A HIGH-FAT, HIGH-SUGAR DIET INDUCES INSULIN-LIKE GROWTH FACTOR 2 HYPER- METHYLATION IN MALE WISTAR RATS

Abstract

OBJECTIVE
The prevalence of obesity and insulin resistance (IR) has increased at an exponential rate worldwide. Although several mechanisms such as dysregulation of the epigenome have been implicated, the disease pathophysiology remains to be fully elucidated. The primary objective of this study was to elucidate DNA methylation profiles and gene regulatory networks that are altered in the skeletal muscle (SM) during the development of obesity and IR in male Wistar rats.

METHODOLOGY
Male Wistar rats (n=20) were fed either a high-fat, high- sugar (HFHS) or a standard diet (STD) for 12 weeks. SM was harvested for histology, gene expression measured using RT2 Profiler™ PCR arrays and Taqman® assays and global and gene-specific DNA methylation were quantified using pyrosequencing.

RESULTS
Rats in the HFHS group gained more weight (567.5 ± 8.8 vs 474.0 ± 10.5 g, p<0.0001) and had increased insulin concentrations (6.1 ± 0.9 vs 3.8± 0.6 ng/ml, p<0.05) compared to the STD-fed rats, while no histological differences were noted.
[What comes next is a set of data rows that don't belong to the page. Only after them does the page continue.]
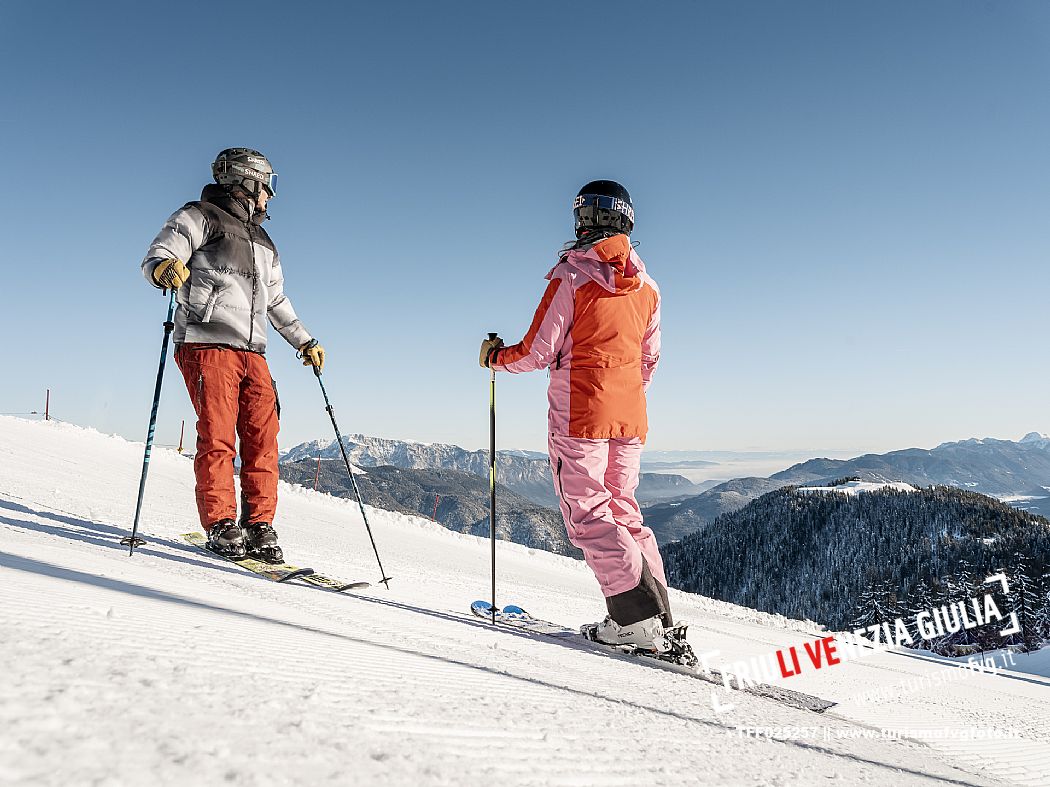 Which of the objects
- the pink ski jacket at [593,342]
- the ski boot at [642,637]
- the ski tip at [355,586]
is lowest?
the ski boot at [642,637]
Increased expression of Insulin-like growth factor 2 (IGF2) was associated with HFHS diet exposure. Whilst no global DNA methylation changes were observed, we identified hypermethylation of an intronic CpG site within IGF2 (p<0.01). In silico analysis identified binding sites for transcription factors CCCTC-binding factor (CTCF), myogenin and myoblast determination protein 1 (MYOD) within close proximity to the hypermethylated CpG.

CONCLUSION
This study provides information about dysregulated DNA methylation and gene expression signatures during the progression of obesity and IR in SM.